**Data excerpts**
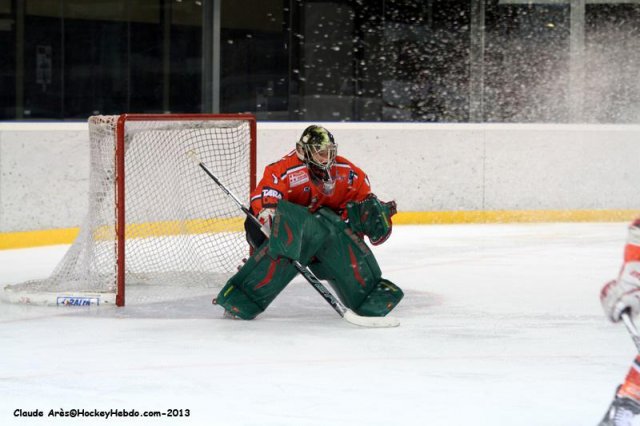 Photo hockey match Mont-Blanc - Neuilly/Marne le 09/02/2013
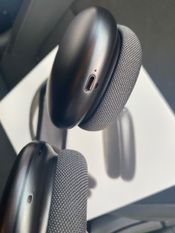 Apple AirPods Max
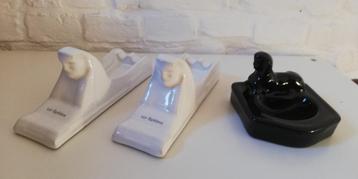 Sphinx asbakken wit (2 stuks) + 1 zwart beschikbaar voor biedingen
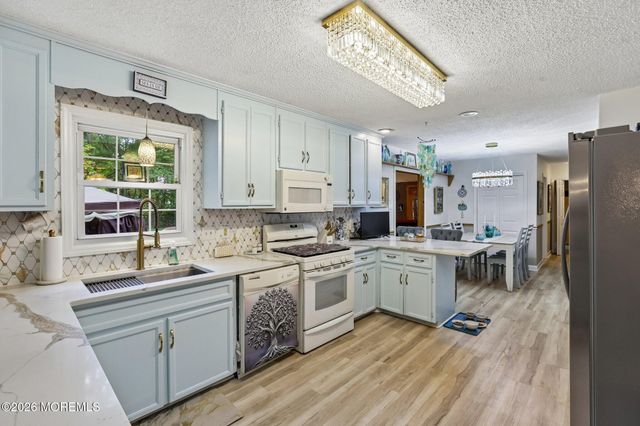 719 Maxim Drive, Forked River, NJ 08731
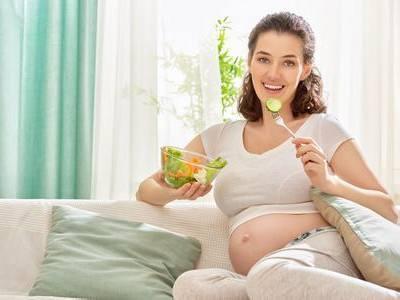 孕妈身体出现“3个反应”,说明胎儿饿的“难受”,别饿着宝宝了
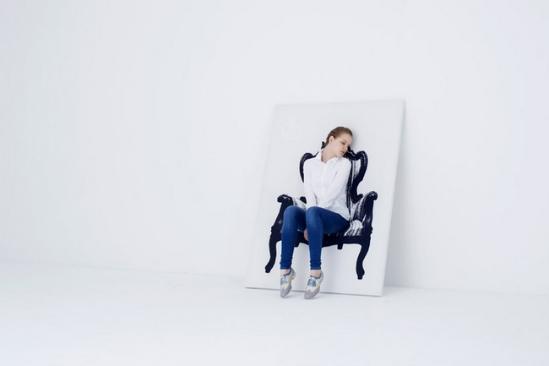 在2013米兰设计周的卫星沙龙展中，日本设计工作室YOY推出了帆布画家具（Canvas Furniture），一个包括了三种尺寸在内的壁挂式二维座椅系列。这个创新的设计采用木料和铝材构成框架及支撑，再覆以丝印了图案的弹性织物。尽管坐起来未必非常舒适，但也完全足以容纳你在此稍做歇息，而不用的时候又可以将它们悬挂起来，仿佛一幅装饰画。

**What is needed**
Starting at the line with "Sphinx asbakken wit", transcribe the listing above exactly through its last line. No picture belongs in the transcription.

**Expected answer**
 Sphinx asbakken wit (2 stuks) + 1 zwart beschikbaar voor biedingen
 719 Maxim Drive, Forked River, NJ 08731
 孕妈身体出现“3个反应”,说明胎儿饿的“难受”,别饿着宝宝了
 在2013米兰设计周的卫星沙龙展中，日本设计工作室YOY推出了帆布画家具（Canvas Furniture），一个包括了三种尺寸在内的壁挂式二维座椅系列。这个创新的设计采用木料和铝材构成框架及支撑，再覆以丝印了图案的弹性织物。尽管坐起来未必非常舒适，但也完全足以容纳你在此稍做歇息，而不用的时候又可以将它们悬挂起来，仿佛一幅装饰画。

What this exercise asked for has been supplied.